━━ Material to process ━━

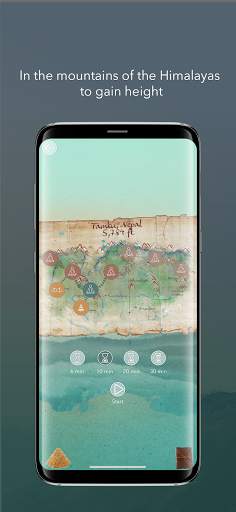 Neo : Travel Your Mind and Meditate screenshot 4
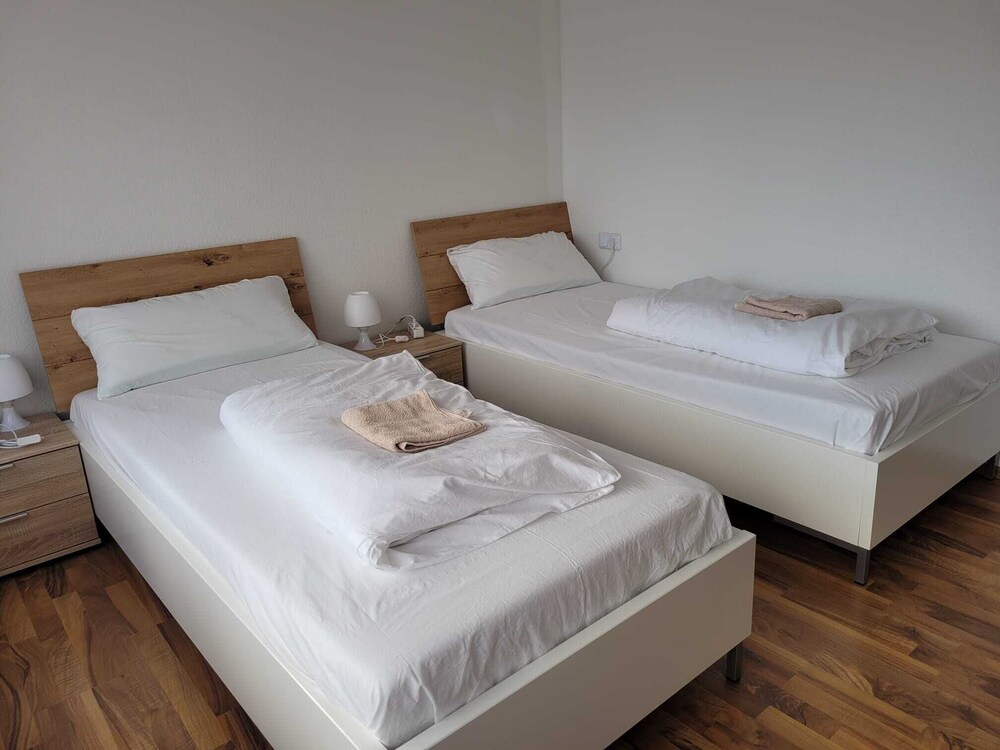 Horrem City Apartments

━━━
━━ Material to process ━━

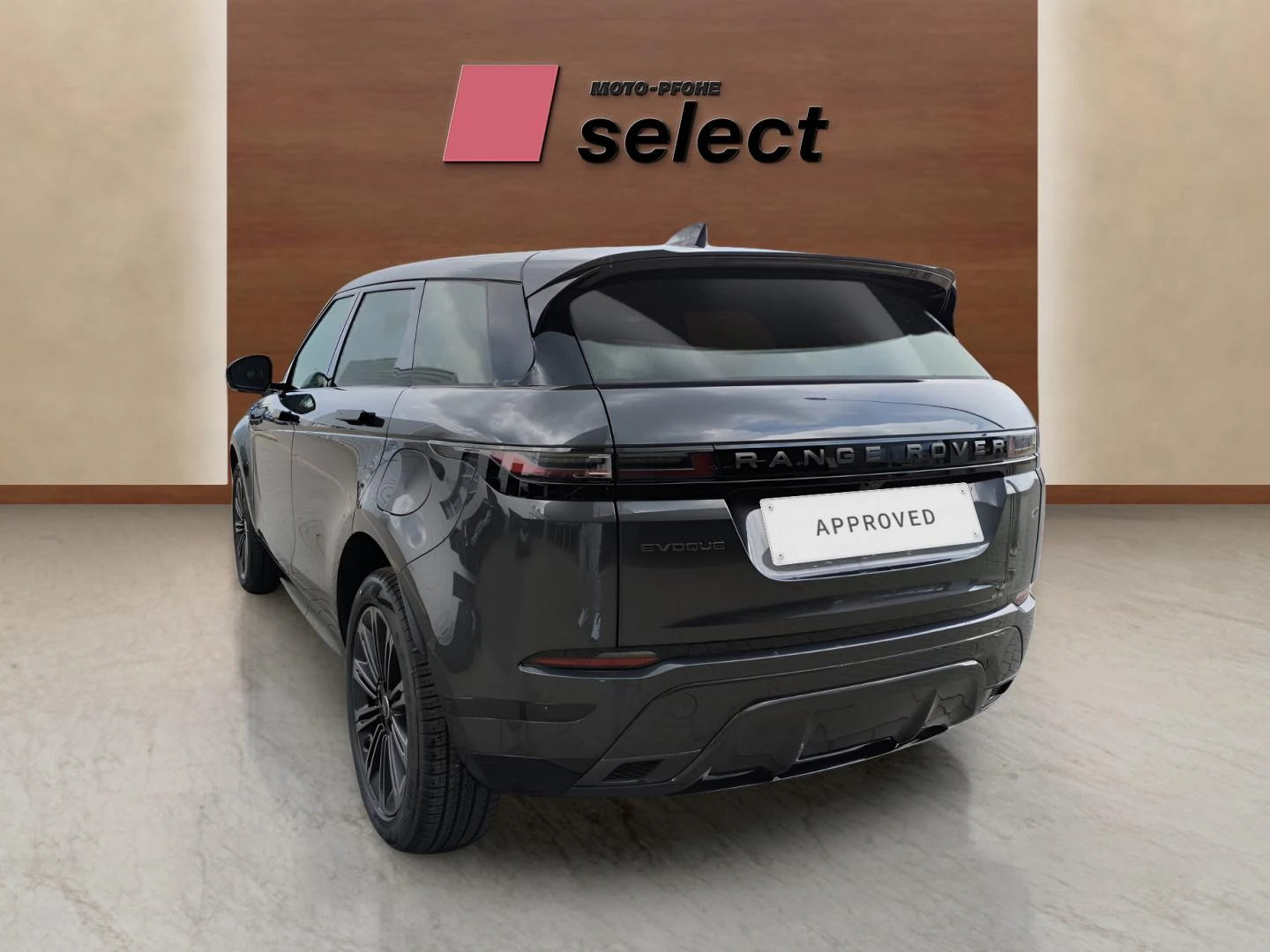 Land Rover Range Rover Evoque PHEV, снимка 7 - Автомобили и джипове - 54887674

━━━

--- Task requirements ---
Transcribe only this stretch of the data: the line with "Neo : Travel", the line with "Horrem City Apartments", and every line in between. Leave out the pictures.

--- Final answer ---
 Neo : Travel Your Mind and Meditate screenshot 4
 Horrem City Apartments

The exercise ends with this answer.